Travis may be best known for the moody indie rock they played in the nineties, but their new album is upbeat, funky and pop-infused. The very cheerful bassist Dougie Payne took time out from preparing for the upcoming tour to talk to Young Post.
I’m in Glasgow, packing a bag to go to London to do some radio shows and acoustic sessions. I’m also building a stage set for our tour. It’ll be quite visually fascinating.
I loved it! I thought it was really beautiful and the people were fantastic. That was a really special show for us. To get that reception from such a big crowd was unbelievable. Before we went on, the promoter told us about the Umbrella Movement, so it was very moving when everybody put their umbrellas up for Why Does It Always Rain On Me.

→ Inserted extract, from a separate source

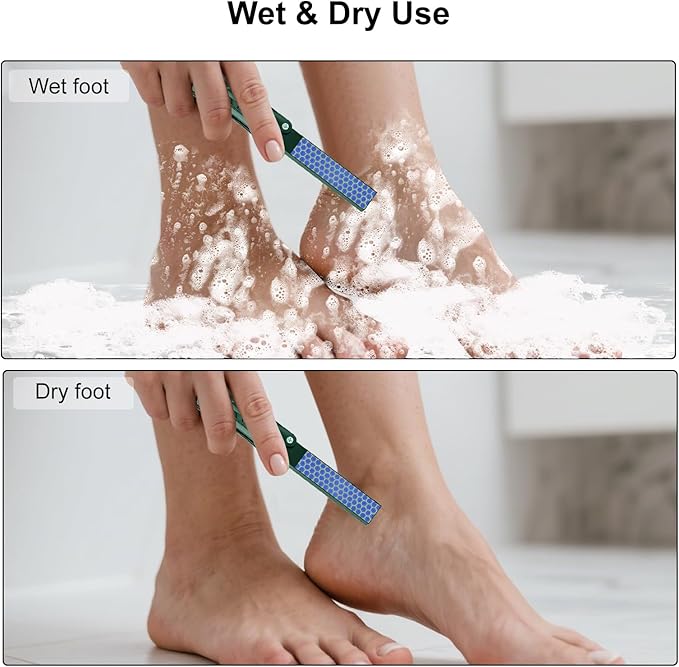 2-in-1 Stainless Steel Foot File & Callus Remover - Dual-Sided Pedicure Scrubber Tool, Hard Dead Skin & Corn Removal, Hygienic Durable Foot Rasp for Soft Smooth Feet (Dark Green)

New York is my favourite place; it has a real groove to it. I wanted the song to sound like a cool guy walking around Manhattan. The incessant layers of synths are more to do with the electrical, crackling energy of New York. I had the first lines and the melody quickly, but couldn’t get the lyrics for ages. At art school, we were told if you’re making something and there’s a problem with it, make the problem the feature. Once I’d done that, the lyrics came within a day.
That was Fran [Healy, singer]. He has a habit of putting himself in precarious situations. Maybe he’s punishing himself for something. It was a lot of fun, but we had to do that swing six times. The guy that ran the place said even he hadn’t done it that many times in a row before!

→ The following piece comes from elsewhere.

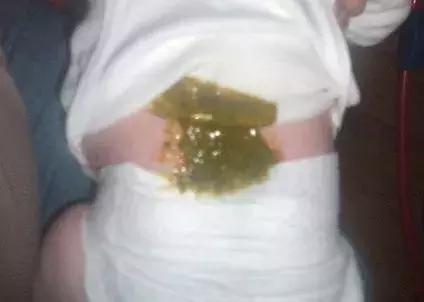 宝宝腹泻的原因和护理方法,宝宝腹泻原因及护理方法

No, the length of a song doesn’t really dictate how easy or difficult it is to record. Though with this record, we wanted to write short songs so we wouldn’t have to then make radio edits. With previous records, like Where You Stand, after we’d spent months, weeks recording and writing and getting it perfect, we took the singles to radio stations and they were like, “Great! But you have to take a minute and a half off it.” And that’s really hard when you’ve spent all this time getting the songs exactly as you feel they should be, to then have to start chopping. That’s why, on this record, we made the editing process part of the writing process. We’ve already trimmed the fat.
No! We will keep them short and snappy. The good thing about a record filled with short songs is that we can play pretty much the whole thing and still have time for more than an hour of hits. It’s kind of the best of both worlds for us and the crowd.
All of them! Animals is a particular favourite of mine. We’ve already played it a couple of times and it’s gone down really well. It’s slightly glammy, slightly rocky, slightly David Bowie. That could all change though.
[Laughs] Well that’s not really down to us! We can’t dance because we’ll be too busy playing, so that’s down to the crowds. If crowds want to dance, we’ll hand out the instructions on leaflets. We did a show in Japan not long ago and quite a lot of the crowd were doing the dance, so hopefully that will continue.
That’s a really great question! It’s really interesting. It’s more profound than just music. When you do interviews after finishing the record, [that's when] you work out what it’s about. We don’t go about making an album with an overarching theme. We just go song by song.
Through interviews, you work out that certain songs have certain things in common. With this record, we realised that by accident we’d made four songs that have the same theme: 3 Miles High, Everything At Once, Animals and Paralysed. At this point in human development, when we’re allegedly more connected than we’ve ever been, we’re actually more disconnected from each other than ever before because everybody is presenting an idealised version of themselves on social media. It’s all these fictional people that are talking to one another. None of the real stuff in life is being talked about.
There’s a great disconnect between what people are presenting and who they actually are and what they’re feeling. I think that leads to a feeling of alienation – from each other and from yourself. That seems to be coming through in the record through those songs. It’s more about how technology has affected people, than music. It’s not finger wagging or preaching. It’s just saying “have you ever noticed this? Is this weird? Are we living in very strange times?”
Wow, that’s a really interesting question! I would really like this record to get out to as many people as possible. I think it’s a good record. It’s a record we’re really proud of and the songs are pop songs – they’re accessible – but they also have emotional and lyrical weight to them, which I think a lot of music doesn’t have at the moment. I think a lot of music is made by a committee – 10 songwriters sitting in a room. It would be nice for this record to get out there and make a difference on the airwaves every now and then. We’d like to get out there, play our songs, and get out to as many people as possible.
I’m hoping so! We’ve a lot of shows booked in, but there’s also a lot of space. We’re really hoping to come to Hong Kong later in the year.